Bonsaï est un mot japonais qui signifie littéralement "plante sur plateau" et qui désigne les arbres miniatures cultivés en pot. D'origine chinoise, sous le nom de pénzāi, l'art du bonsaï apparait au Japon aux VI et VII éme siècle avec la migration des moines bouddhistes vers l'archipel. Il faudra tout de même attendre le XVII éme siècle pour que cet art soit totalement intégré au Japon. Contrairement à aujourd'hui, ou beaucoup de japonais de toutes classes sociales s'adonnent à la culture de bonsaï, à cette époque il était réservé aux classes dominantes.
L'art du bonsaï répond à des règles très strictes afin que chaque arbre soit à la fois unique et respectant des standards. Pour "réussir" un bonsaï, il faut tout d'abord savoir l'entretenir afin qu'il pousse bien et ne tombe pas malade. Aussi, selon la variété d'arbre plantée, il faudra faire attention à la lumière, à la température, au renouvellement de la terre et à l'arrosage. L'idéal est de déterminer de quelle zone géographique est originaire votre bonsaï et de recréer des conditions climatiques approchant celles de ce lieu.

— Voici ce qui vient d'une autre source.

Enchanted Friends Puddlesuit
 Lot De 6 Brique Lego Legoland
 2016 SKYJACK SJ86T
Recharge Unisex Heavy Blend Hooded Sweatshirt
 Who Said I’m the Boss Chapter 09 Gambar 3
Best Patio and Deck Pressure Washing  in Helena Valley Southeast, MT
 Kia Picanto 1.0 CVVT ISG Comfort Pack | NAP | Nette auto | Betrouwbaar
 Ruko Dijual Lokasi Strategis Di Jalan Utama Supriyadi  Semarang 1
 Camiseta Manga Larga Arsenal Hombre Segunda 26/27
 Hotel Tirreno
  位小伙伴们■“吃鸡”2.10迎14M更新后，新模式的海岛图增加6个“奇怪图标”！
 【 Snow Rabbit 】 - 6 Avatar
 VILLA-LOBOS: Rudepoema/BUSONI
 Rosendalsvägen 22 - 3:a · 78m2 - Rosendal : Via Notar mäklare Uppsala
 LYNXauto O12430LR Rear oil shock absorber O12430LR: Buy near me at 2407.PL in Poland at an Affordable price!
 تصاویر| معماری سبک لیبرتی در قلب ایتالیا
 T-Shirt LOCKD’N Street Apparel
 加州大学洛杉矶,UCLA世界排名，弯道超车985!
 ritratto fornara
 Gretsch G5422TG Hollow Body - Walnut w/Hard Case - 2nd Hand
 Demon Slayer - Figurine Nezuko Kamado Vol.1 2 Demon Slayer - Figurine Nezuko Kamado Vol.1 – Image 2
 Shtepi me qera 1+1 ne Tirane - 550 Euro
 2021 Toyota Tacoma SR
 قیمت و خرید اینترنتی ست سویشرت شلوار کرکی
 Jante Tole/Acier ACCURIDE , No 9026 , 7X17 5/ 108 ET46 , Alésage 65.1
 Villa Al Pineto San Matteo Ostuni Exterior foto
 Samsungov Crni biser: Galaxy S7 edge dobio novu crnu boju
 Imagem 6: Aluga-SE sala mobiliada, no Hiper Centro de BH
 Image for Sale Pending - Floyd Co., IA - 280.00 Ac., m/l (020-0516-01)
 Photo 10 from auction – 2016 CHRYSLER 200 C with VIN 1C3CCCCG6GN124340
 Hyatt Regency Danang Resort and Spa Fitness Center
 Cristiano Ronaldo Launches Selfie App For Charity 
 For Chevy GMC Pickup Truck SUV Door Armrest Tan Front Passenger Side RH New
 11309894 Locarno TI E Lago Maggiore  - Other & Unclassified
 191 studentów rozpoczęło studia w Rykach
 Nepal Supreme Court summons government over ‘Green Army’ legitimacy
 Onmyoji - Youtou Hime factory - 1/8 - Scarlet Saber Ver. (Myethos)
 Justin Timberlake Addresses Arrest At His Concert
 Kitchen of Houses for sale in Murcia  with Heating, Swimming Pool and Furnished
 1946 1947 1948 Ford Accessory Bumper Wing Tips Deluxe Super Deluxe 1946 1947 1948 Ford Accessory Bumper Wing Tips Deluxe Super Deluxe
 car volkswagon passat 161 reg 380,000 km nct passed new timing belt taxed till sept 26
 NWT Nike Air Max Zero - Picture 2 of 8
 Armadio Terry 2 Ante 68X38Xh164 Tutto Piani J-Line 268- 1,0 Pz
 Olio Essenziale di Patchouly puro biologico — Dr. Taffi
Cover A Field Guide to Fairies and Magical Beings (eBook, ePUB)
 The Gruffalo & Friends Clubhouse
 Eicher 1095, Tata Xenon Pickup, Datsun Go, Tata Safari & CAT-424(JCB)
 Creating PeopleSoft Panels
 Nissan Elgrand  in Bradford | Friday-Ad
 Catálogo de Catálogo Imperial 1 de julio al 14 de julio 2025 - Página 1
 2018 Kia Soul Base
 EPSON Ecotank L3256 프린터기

Une fois que vous maitrisez la bonne santé de votre arbre miniature, il faut apprendre à le tailler correctement et au bon moment pour lui donner la forme souhaitée selon les standards acceptés. A savoir qu'il faut tailler les branches mais aussi les racines ! Pour tailler le petit branchage, rien de tel qu'une paire de ciseaux japonais Hatsuru bien aiguisés ! Bien entretenu un bonsaï peut vire très longtemps ; le plus ancien spécimen qui est exposé à Tokyo a plus de 500 ans !
Beaucoup de styles existent pour donner une forme "correspondant à l'art du bonsaï" à votre arbre, mais il ne faut pas perdre de vue la règle probablement la plus importante de cet art : "si tu aimes ce à quoi il ressemble, c'est un beau bonsaï"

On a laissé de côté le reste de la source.